Saturday, July 28, 2012

May 2011


 
First of all, I miss you.  It has been over 1 year now since I left the united states, which has me in a nostalgic place.  It´s crazy to think how quickly time flies, how much I have or have not accomplished.  It´s hard to keep track of all this, to be honest.  The concepts of time and accomplishment are very relative things which I have not yet learned to measure accurately.
 
In short, all marches well here.  I am working and growing and experiencing all of the pains and pleasures that come with each.  It´s a constant rollercoaster ride, this peace corps life, but I am loving it just the same.  To be honest  I struggle most when I leave and then come back again--it´s hard to readjust.  The modern world has some strange affect on me, and when I re-settle at home I always pass a few days dazed and confused and jetlagged.  After a few rough mornings I sink back into the comfort of village life, complete with green mangos, nonstop social interaction, dirt from my head to my toes that never seems to wash away, a million giggling children that never grow bored of me, and all is great until my next interruption. 
 
Instead of telling you about all the work and the water and the scenery and whatever else I usually tell you about, this letter, I´m going to tell you a story... it´s not a happy story, so don´t get your hopes up.  it´s a true story though and i´d like to share it with you. hope you enjoy.
 
 
Maria de la Cruz.
 
A new day and little Yeli is waiting for me outside the door again.  It´s 6:30 in the morning on a school day.  I can hear her water tanks clinking, though she doesn´t say a word.  It doesnt matter how many times I tell her to just go check to see if there is water in the faucet and if there is to go ahead and fill up with asking-- she still waits silently outside my door.  Most days there is no water, but she comes anyway, and in the event that there is, she fills the tanks and then waits for Maria de la Cruz to come haul the tanks up the hill on her head. 
 
Maria de la Cruz is her mother, and she is also my neighbor.  On Tuesday two of her 9 children showed up on my patio with a slice of papaya and that look they always give me when they really came to ask for something but are too shy to just say it.  I ask Yeli what she wants and she tells me it´s her mom´s birthday, and could she please use my colored pencils and some paper to make a card.  Of course I give her a big sheet of red construction paper and I cut it in the form of a big heart for her, and she goes to work.  Maria de la Cruz is 42 years old and has 7 grandchildren.  Her children and grandchildren are at my house almost daily, which at times can be inconvenient but I don´t have the heart to send them home.  I know what home means for them.  For one thing, everyone in the community knows that Isaiah beats Maria de la Cruz.  Yelizabeth tells me about the times when he has hit her with liquor bottles, leaving enormous egg-sized welts on her body.  One night, Yeli says casually as she washes her baby sister in a bucket on my front porch, they both grabbed machetes and threatened to kill each other, so Yeli took the baby out to play by the mango tree.  I tell her she did the right thing, and that it´s not okay that her dad hits her mom, and then I continue washing my clothes, but my mind wanders and my heart sinks. 
 
Crucita, the older sister arrives and stands over me, her belly swollen although her breasts are still not fully formed.  She is 15 years old and pregnant with her second child.  I don´t want to make hasty assumptions but I cannot help but to speculate as to how Crucita first became pregnant at the age of 13 in a culture where young women are not allowed to go out with men alone.  I don´t want to make hasty assumptions but I find it odd that Crucita lives unmarried in the neighboring community of Las Playitas with her sister rather than at home.  Could it be the father again?
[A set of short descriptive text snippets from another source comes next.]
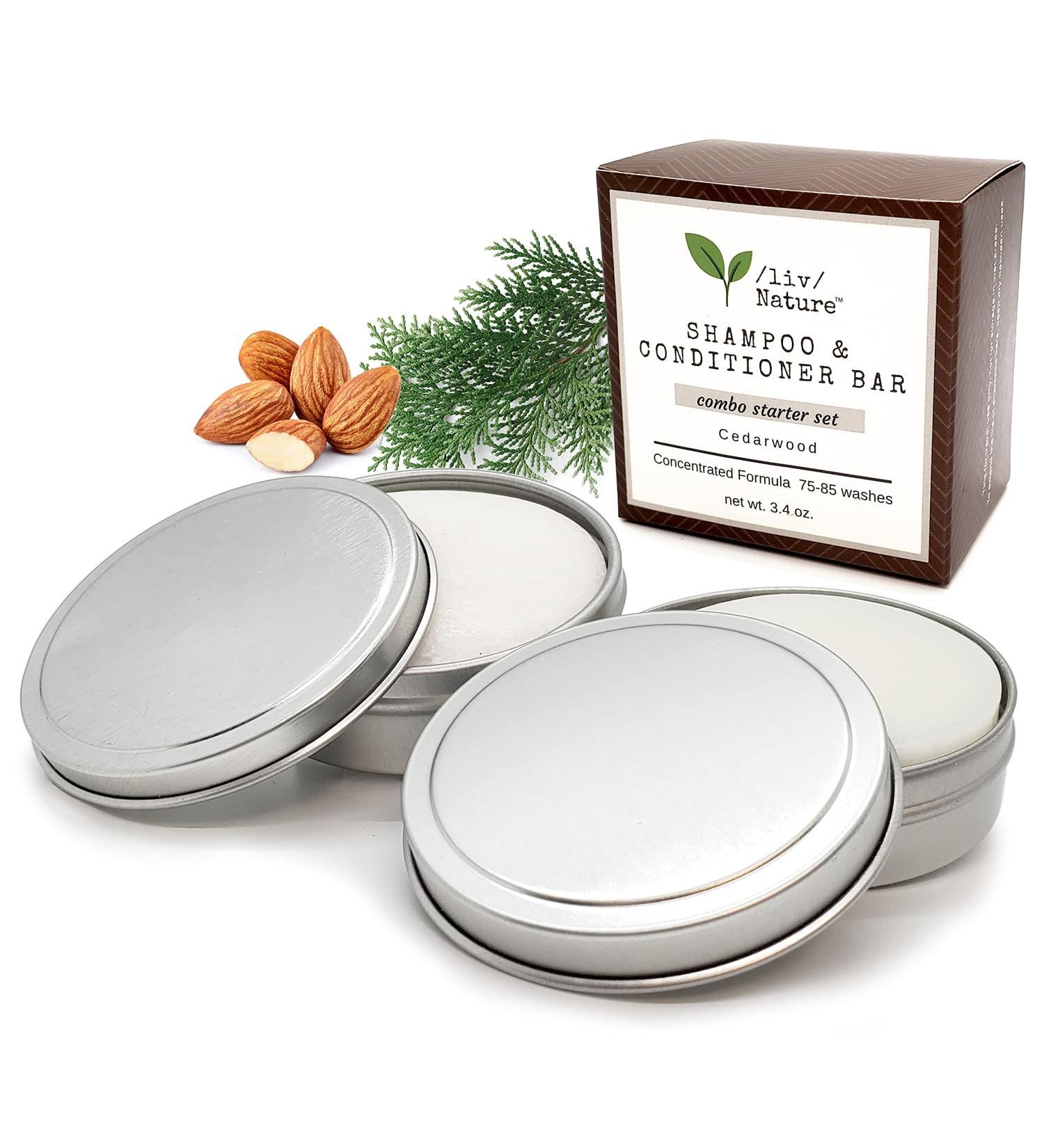 /liv/ Nature Cedarwood Argan Oil Bar Shampoo and Conditioner Combo Pack with Travel Tins - Moisturizing, Anti-Frizz, Curly Hair Care - Biodegradable, Locally Made in USA - Buy Online on GoSupps.com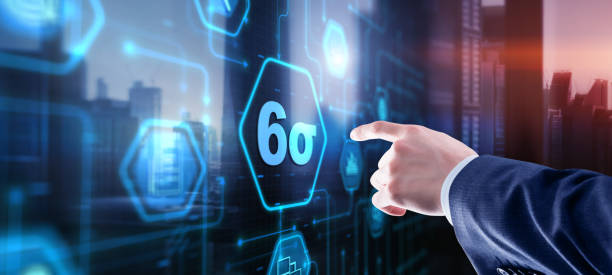 istock Business man pointing six sigma to control products quality process 1710787406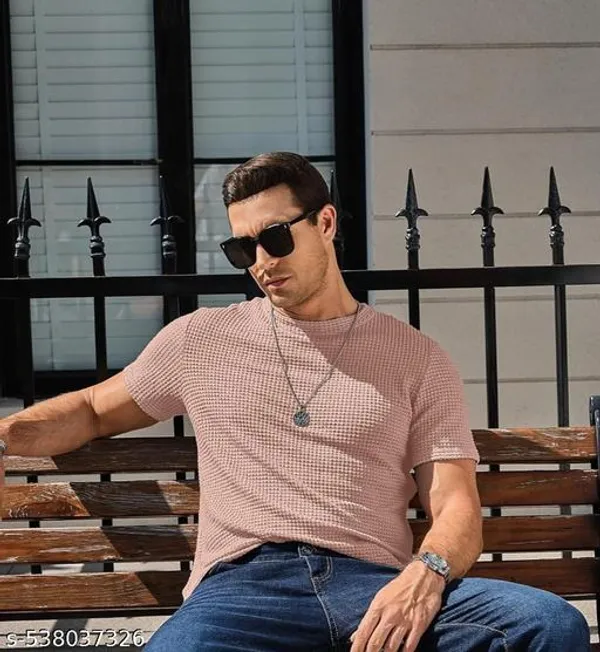 Peach_Cotton_Blend_Premium_T_Shirt_For_Men
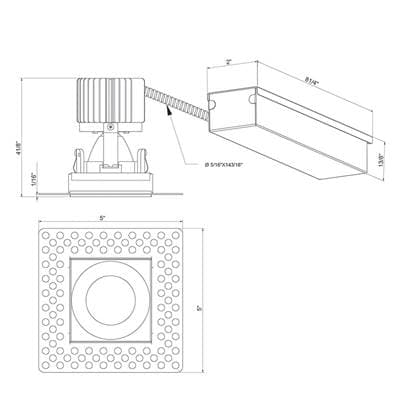 Eurofase Amigo 15W 1 Light Square Trimless Downlight 3500K - Black by Eurofase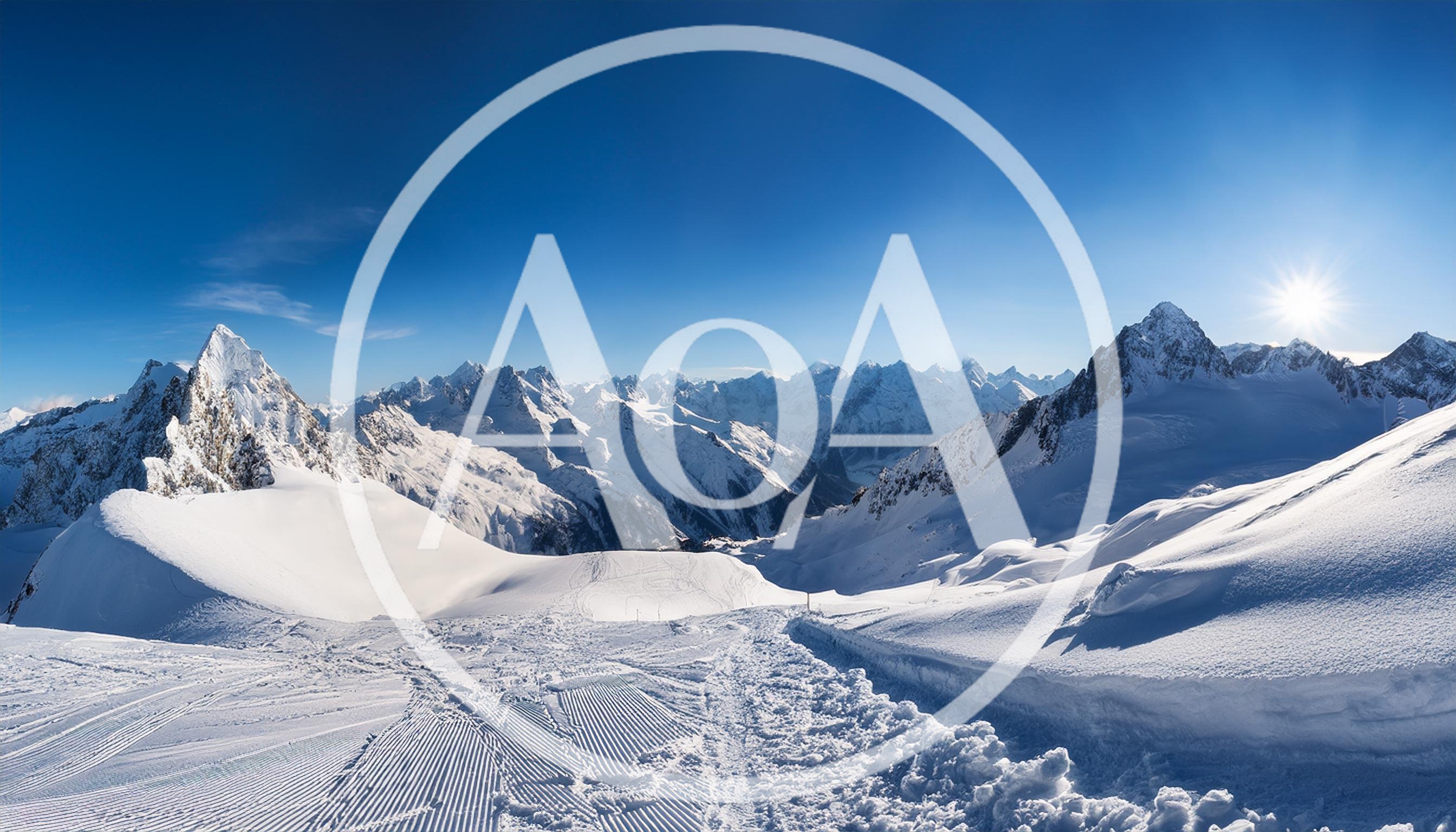 Panoramic View Of Snowy Mountain Peaks In Winter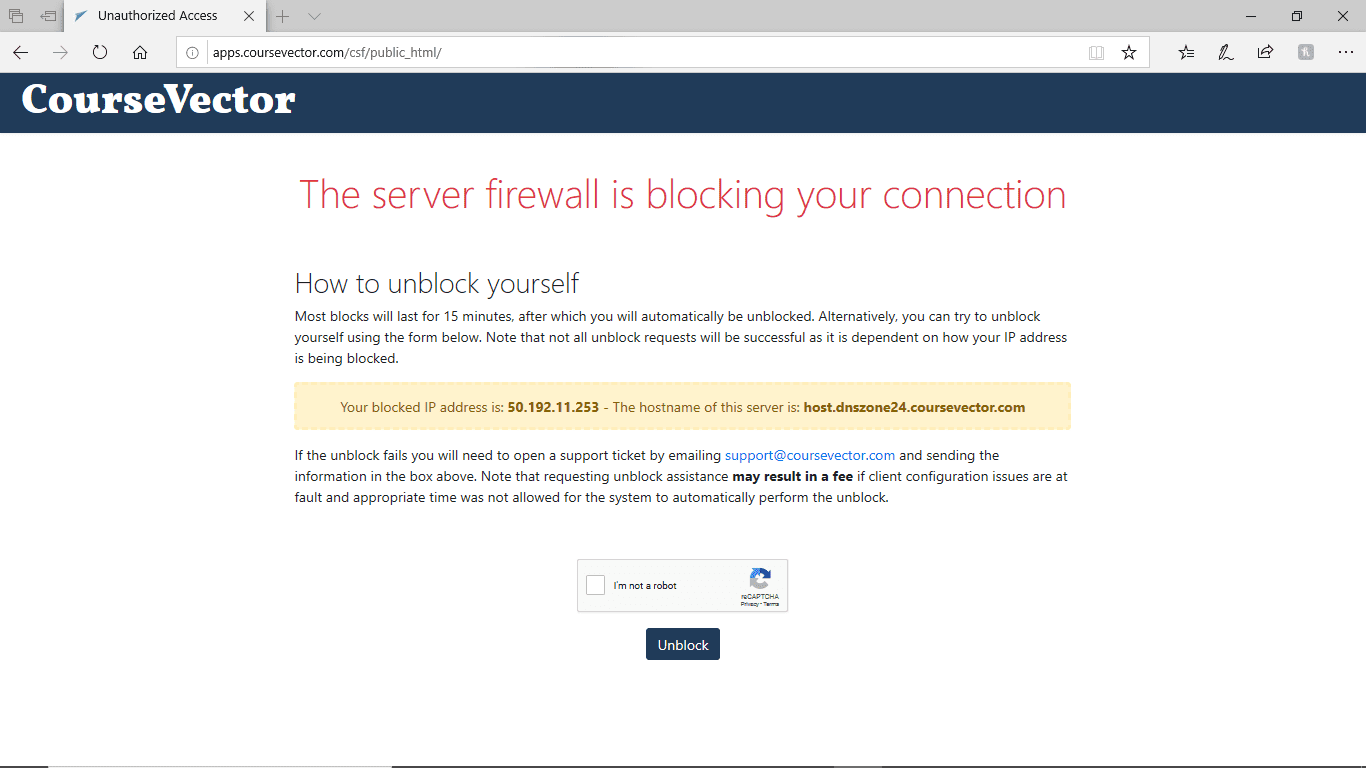 Connection blocked by firewall page.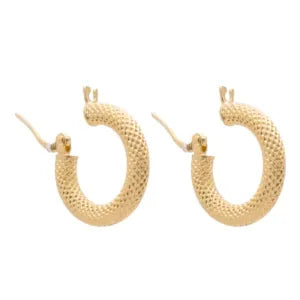 18K Gold Earrings with Circular Braided Design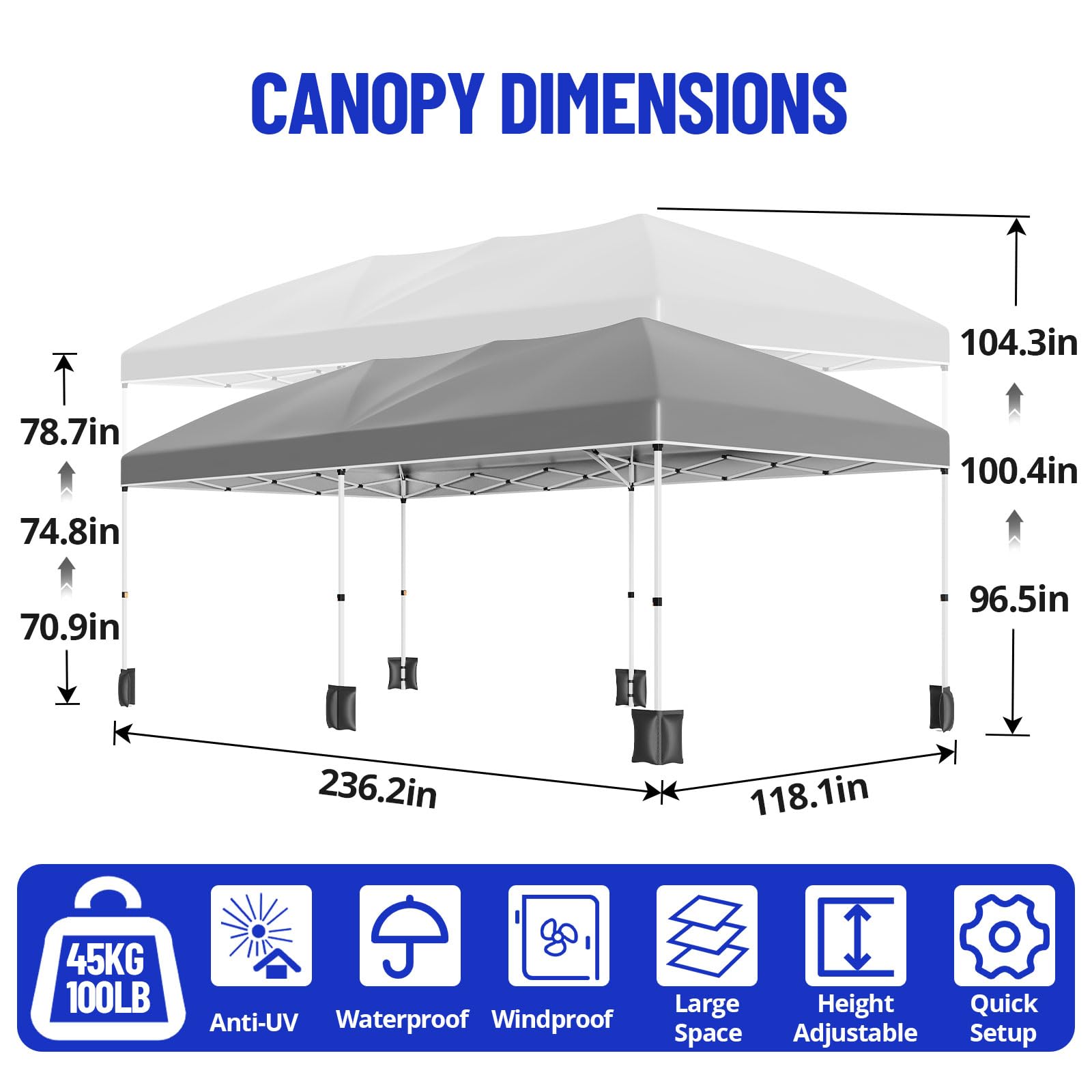 Garvee Gray 10' x 20' Pop Up Canopy Tent, Heavy Duty Waterproof Event Shelter with 6 Sidewalls, UPF 50+ Oxford Fabric, Adjustable Height & Wheeled Bag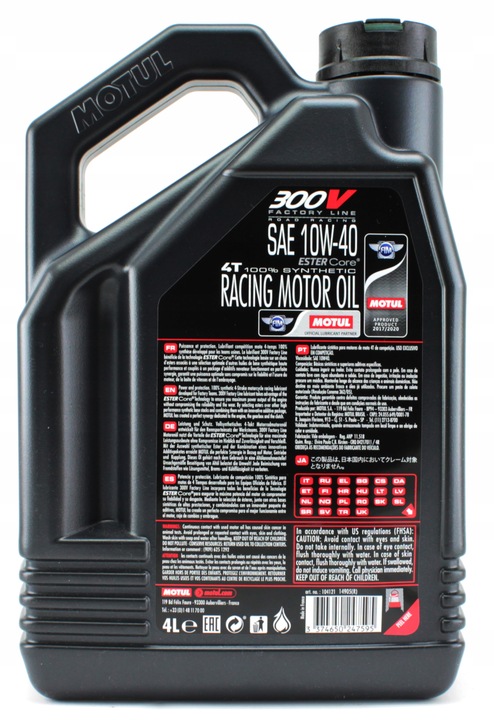 ACEITE MOTUL 300V 10W40 4L + FILTRO ACEITES KN 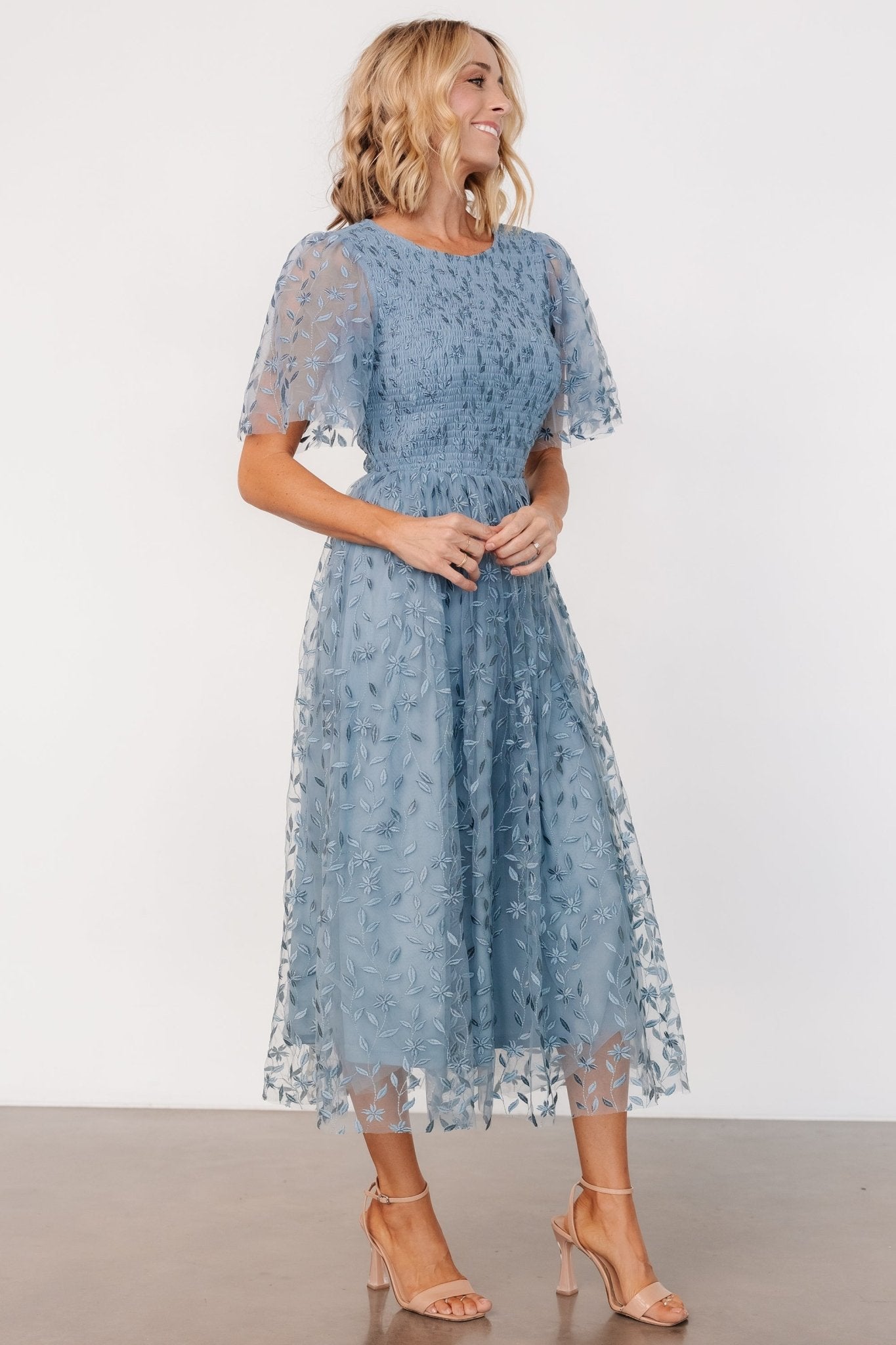 Kendra Embroidered Dress | Dusty Blue Deals Cheap Pice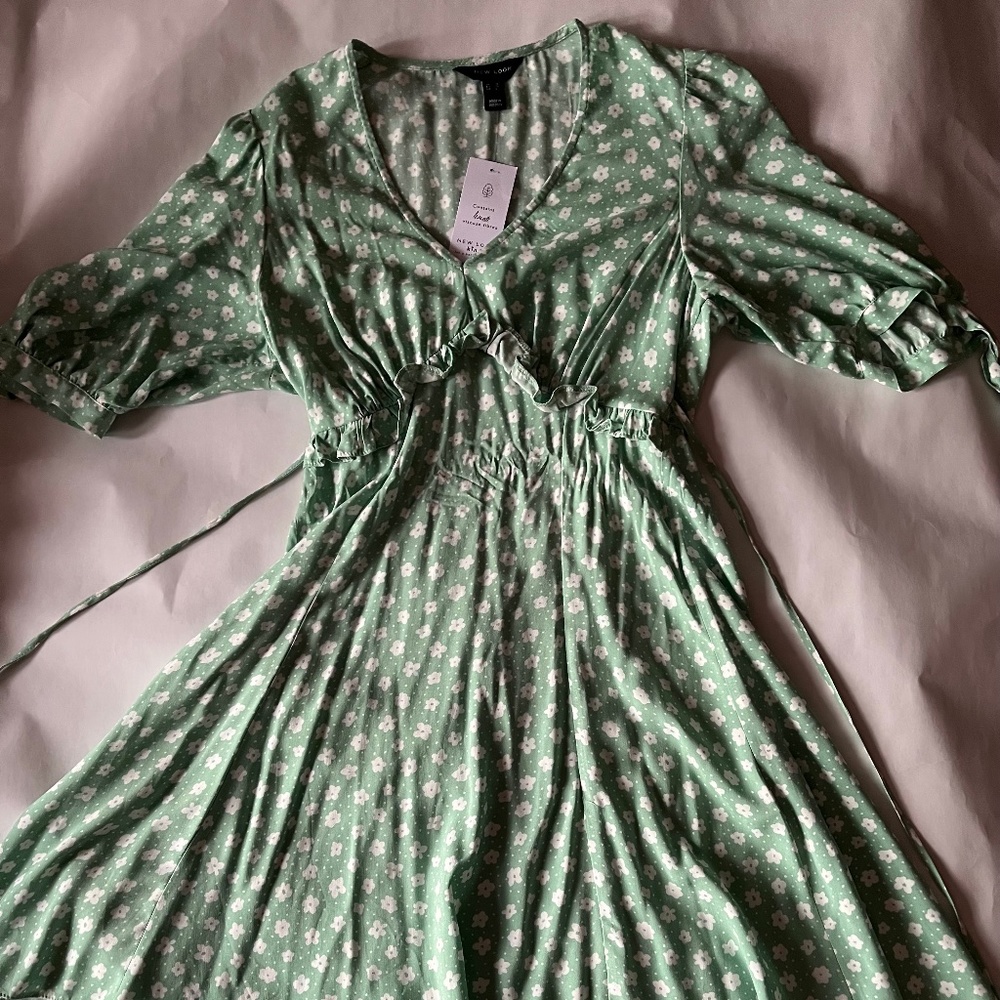 Girls Green Floral Summer Dress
I dont want to speculate anymore.  I continue washing clothes.  Maybe if I scrub harder these terrible thoughts, too, will wash away.
 
I´d like to think that I could talk to Maria de la Cruz about all this.  In the US I could tell her that she has the right and power to report this, that there are agencies and people who can help her.  But here, metido in the campo of Panama, I know that we are too far in the thick of it for anyone to save her.  And she knows it.  Here without cell phone service, with a road that is only passable for certain months of the year, what agency would possibly be able to help?  And what would become of the 16 children who depend on her for food and shelter and safety?  And what would become of her extended family that stays behind to deal with the fury of Isaiah?  And what would become of me, the neighbor who enticed her to escape?  It´s not only a bad idea, it´s an impossible one. 
 
All I can think to do is fill the water tanks for Yeli and carry them up the hill when I have time, let her and the rest of her siblings stay late at my house to read stories (especially on the nights when Isaiah is drunk), and give them left over vegetables to take home when I leave town.  It pains me to know I cannot fix this family, nor can I make their lives any safer, but there´s something to be said for being a good neighbor, so I do my best.